- Work instruction: For this exercise, copy exactly the lines below from the one with "Engadin Seenlandschaft Abendlicht" through the one with "暗战风云电视剧全集免费观看" and leave out the pictures.

- Data provided:
▼

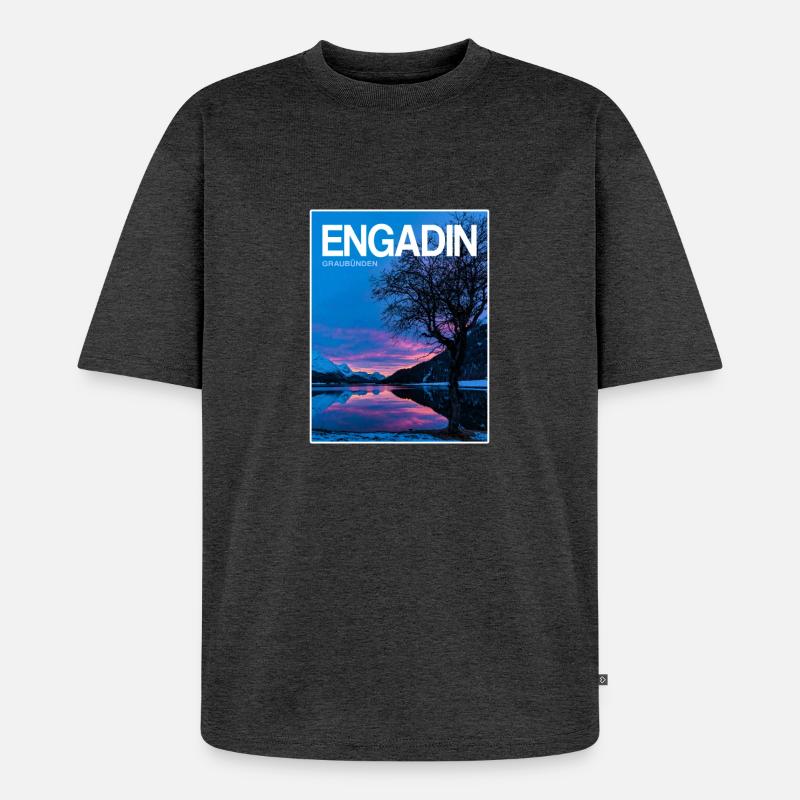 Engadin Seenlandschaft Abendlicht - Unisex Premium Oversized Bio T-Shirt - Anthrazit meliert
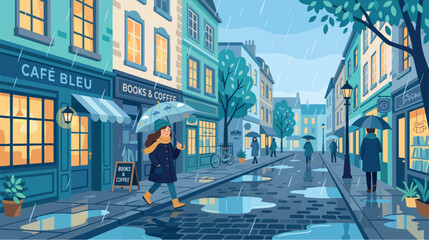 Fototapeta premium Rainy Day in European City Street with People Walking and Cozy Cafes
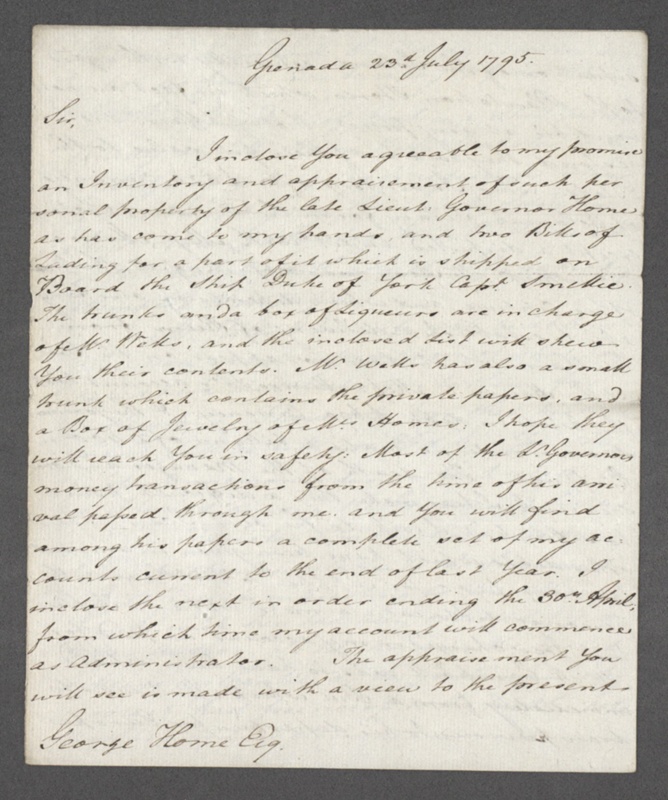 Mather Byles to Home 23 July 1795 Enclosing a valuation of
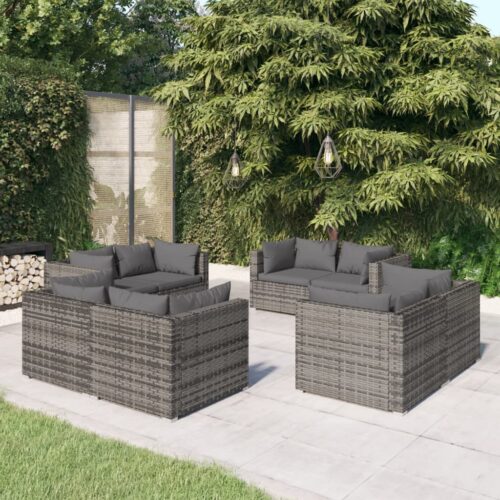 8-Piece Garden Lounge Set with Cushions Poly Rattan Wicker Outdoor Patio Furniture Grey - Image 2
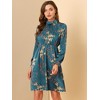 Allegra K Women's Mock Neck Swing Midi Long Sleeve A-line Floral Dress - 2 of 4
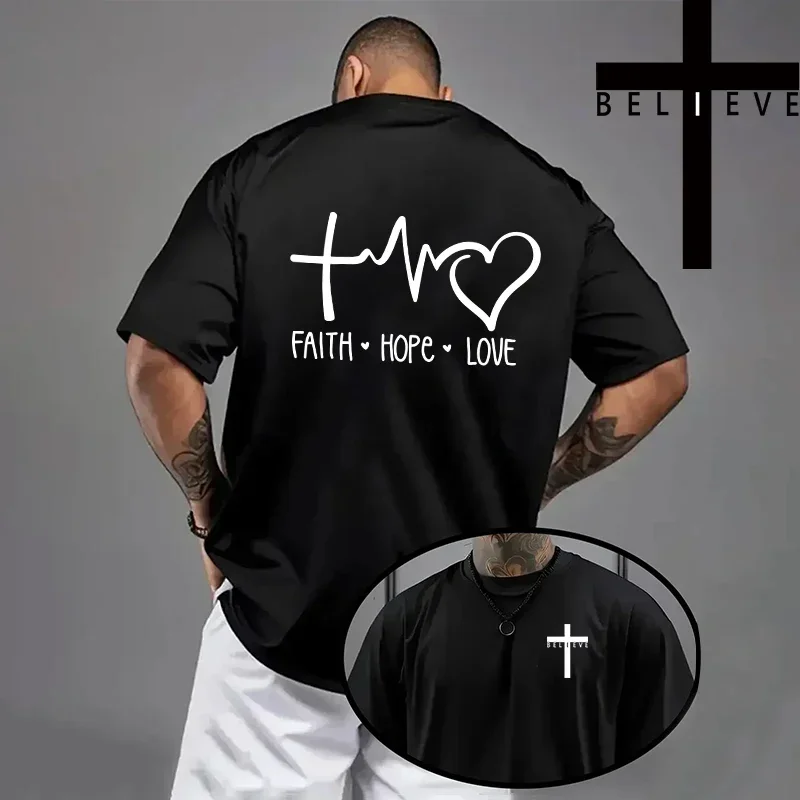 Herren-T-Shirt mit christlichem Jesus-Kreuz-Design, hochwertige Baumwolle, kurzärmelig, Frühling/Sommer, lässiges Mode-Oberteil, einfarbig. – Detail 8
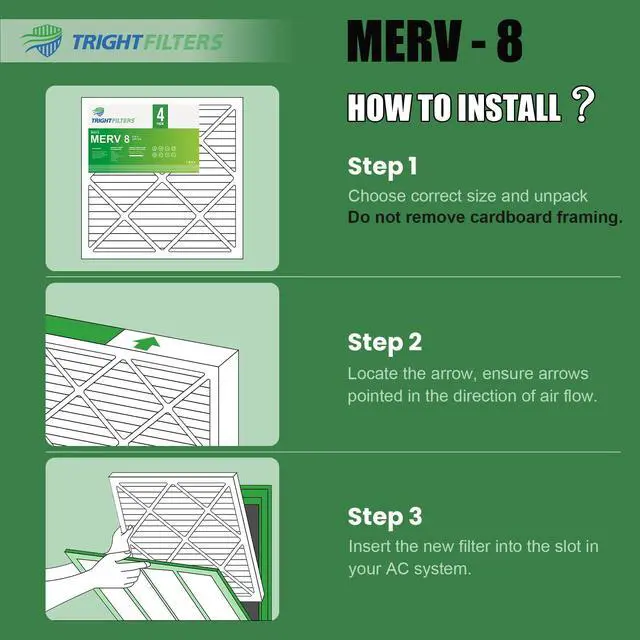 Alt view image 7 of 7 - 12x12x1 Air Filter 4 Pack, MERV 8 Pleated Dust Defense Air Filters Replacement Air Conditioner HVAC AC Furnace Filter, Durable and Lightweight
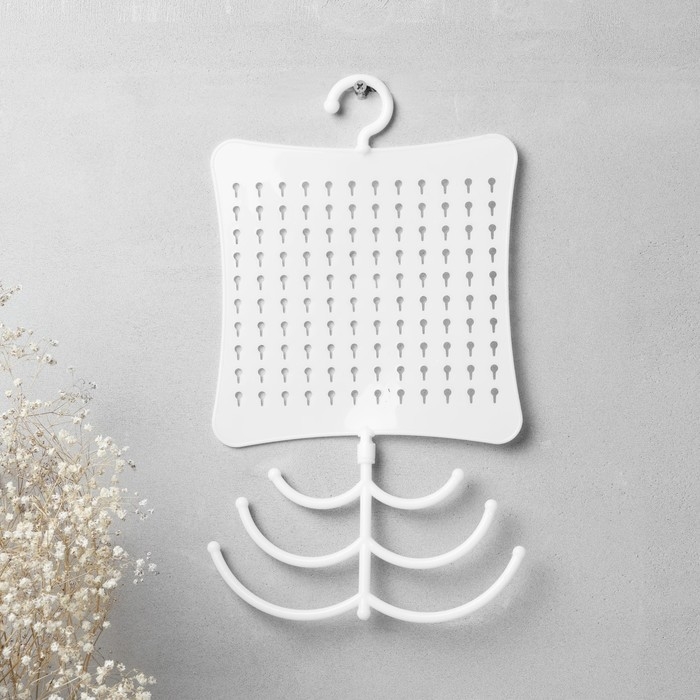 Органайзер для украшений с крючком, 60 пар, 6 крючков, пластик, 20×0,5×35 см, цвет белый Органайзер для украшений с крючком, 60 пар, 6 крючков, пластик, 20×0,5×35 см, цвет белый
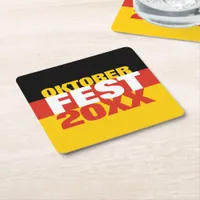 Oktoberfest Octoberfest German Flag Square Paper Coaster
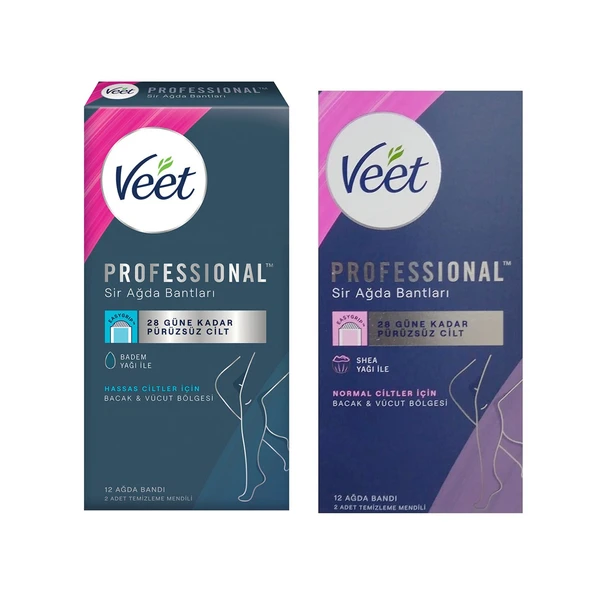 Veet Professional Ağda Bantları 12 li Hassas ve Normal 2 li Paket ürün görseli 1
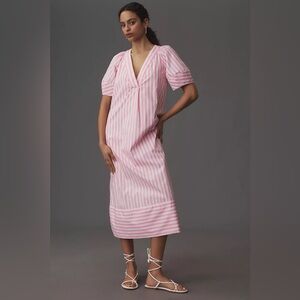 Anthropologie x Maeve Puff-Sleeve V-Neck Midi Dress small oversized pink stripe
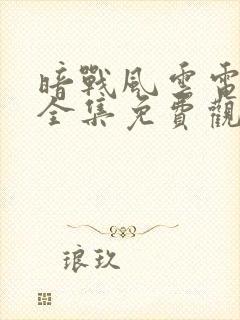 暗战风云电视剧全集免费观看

▲
▼

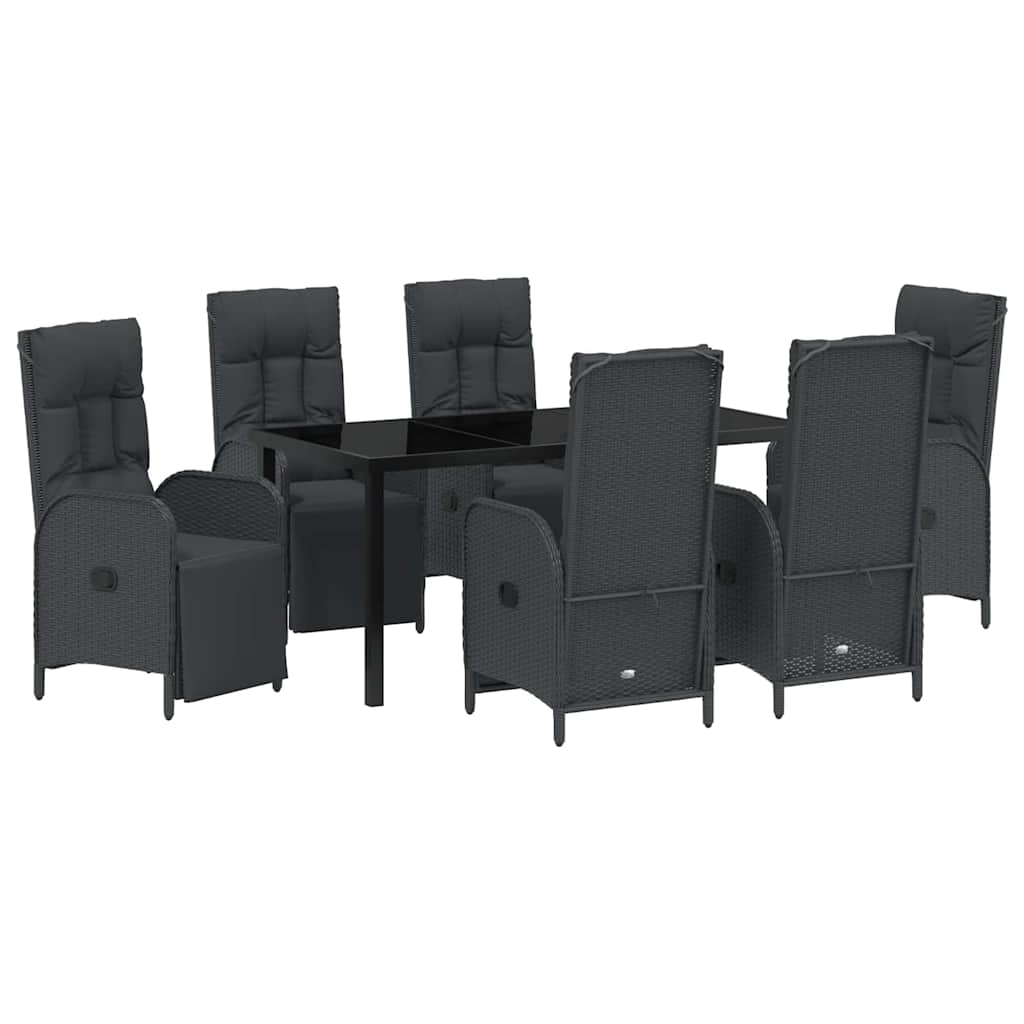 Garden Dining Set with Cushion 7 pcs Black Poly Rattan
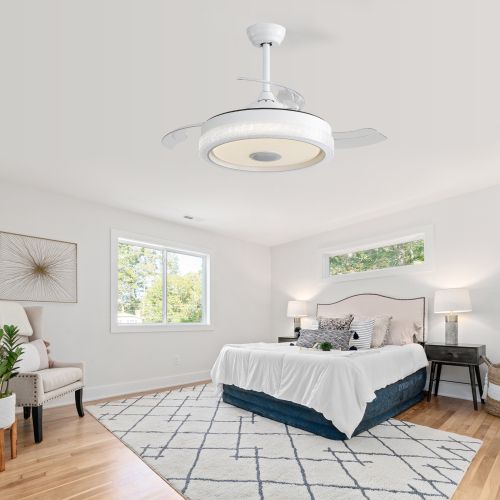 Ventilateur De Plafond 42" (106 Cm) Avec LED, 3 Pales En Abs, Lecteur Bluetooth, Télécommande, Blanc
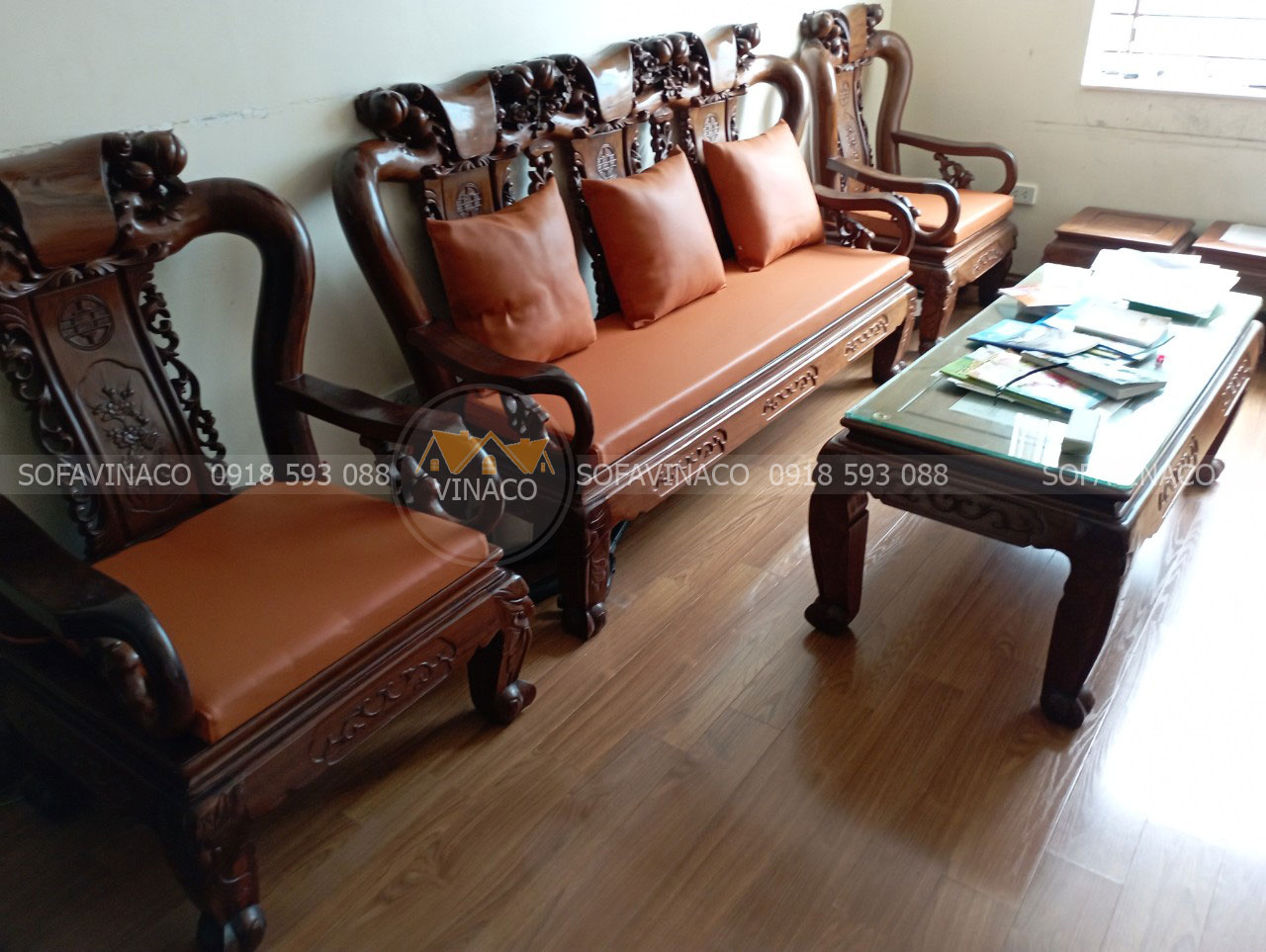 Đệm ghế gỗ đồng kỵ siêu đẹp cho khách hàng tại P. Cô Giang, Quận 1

▲

- Exercise response:
 Engadin Seenlandschaft Abendlicht - Unisex Premium Oversized Bio T-Shirt - Anthrazit meliert
 Fototapeta premium Rainy Day in European City Street with People Walking and Cozy Cafes
 Mather Byles to Home 23 July 1795 Enclosing a valuation of
 8-Piece Garden Lounge Set with Cushions Poly Rattan Wicker Outdoor Patio Furniture Grey - Image 2
 Allegra K Women's Mock Neck Swing Midi Long Sleeve A-line Floral Dress - 2 of 4
 Herren-T-Shirt mit christlichem Jesus-Kreuz-Design, hochwertige Baumwolle, kurzärmelig, Frühling/Sommer, lässiges Mode-Oberteil, einfarbig. – Detail 8
 Alt view image 7 of 7 - 12x12x1 Air Filter 4 Pack, MERV 8 Pleated Dust Defense Air Filters Replacement Air Conditioner HVAC AC Furnace Filter, Durable and Lightweight
 Органайзер для украшений с крючком, 60 пар, 6 крючков, пластик, 20×0,5×35 см, цвет белый Органайзер для украшений с крючком, 60 пар, 6 крючков, пластик, 20×0,5×35 см, цвет белый
 Oktoberfest Octoberfest German Flag Square Paper Coaster
 Veet Professional Ağda Bantları 12 li Hassas ve Normal 2 li Paket ürün görseli 1
 Anthropologie x Maeve Puff-Sleeve V-Neck Midi Dress small oversized pink stripe
 暗战风云电视剧全集免费观看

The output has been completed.